You’re standing on the little blue bench at the very end of the pier. You stretch your arms out from your sides and the wind blowing your red puffer jacket makes you feel like a kite.
‘The doctor says there’s not going to be a baby,’ your dad says to you. ‘Not this time.’
It’s so windy you wonder if anyone has ever been blown over the edge and into the sea with their clothes on. The people on the little boats cannot keep their sails up, that’s how windy it is and a sound like little bells tinkling coming from the parked boats makes you think about Christmas and how you’re meant to have your baby brother by then.

You go into her bedroom without knocking first.
‘Doctor is wrong,’ you say, assuredly, and you rub her tummy.
She smiles and the two holes in her cheeks are there now again. You stick your fingers in them and she laughs.
‘I don’t think so I’m afraid sweetheart.’
‘He’s just so small, the doctor can’t see him,’ you say without your stutter creeping in.
‘They’re doing tests to find out what happened,’ she says. ‘I ate something that might’ve caused an infection in the baby,’ she says.
‘Gorgonzola?’ you say, as if in your head, clear and steady.
‘You don’t miss a trick, do you?’ she says and she tickles your back.

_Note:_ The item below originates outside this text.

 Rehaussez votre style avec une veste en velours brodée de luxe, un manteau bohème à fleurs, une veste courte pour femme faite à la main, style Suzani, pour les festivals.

Your dad shouts for you to come down for tea, three times before you get a chance to answer. He puts an egg and beans in front of you. The egg yolk is runny, the way he loves it and you hate it. You eat the beans and pass the egg onto Lucy’s plate.
‘Yeuch!’ she screams and he looks at you, his eyes going small and his eyebrows meeting in the middle. You think about the black caterpillar in the jar in your room.
‘Off you go Jamie,’ he says. You jump up and run back upstairs to check if it has turned into a butterfly yet.

A week passes and you’re at the kitchen table doing your homework. Your new trick of borrowing her sunglasses is working. Once you put them on you know it’s time to concentrate with no distractions. You get quicker each evening and neater too. Ms Clarke puts stars and smiley faces on all that you do now.

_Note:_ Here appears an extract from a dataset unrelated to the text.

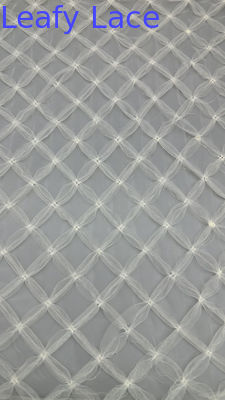 Tessuto di pizzo francese Chantilly Respirare Plaid Sequin Mesh Tessuto di pizzo Tessuto a foglia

The telephone rings and your mum stands still. She tells you not to answer it. It stops and her mobile rings. She picks it up and stares at it in her hand.
‘The hospital,’ she whispers and walks, trance-like, into the hall.
You go to the door and listen from behind it.
‘Not an infection?’ she says, her voice shrill.
‘Trauma. God,’ she says, softer now.
‘I did get a bang from a swing, could…’
You can hear nothing now, as if swimming under water. You think of that morning in the park. You’re pushing Lucy and another little girl in the big blue basket swing. It’s pulled up so high you can’t see a thing and you push really hard to give them a thrill. You’re showing your strength off too. Your dad is watching. The girls are screaming and your mum steps in front of it but she’s looking over her shoulder saying something to your dad. Bang.
‘Jesus, take it easy Jamie,’ she says.
‘S-s-sorry,’ you say and jump to catch the swing to slow it down.
She comes back into the kitchen now with the same look as she had that day at the hospital. You hand her glasses back, smiling up at her.
‘It was the cheese,’ she says, her eyes dark and staring but she’s not looking at you.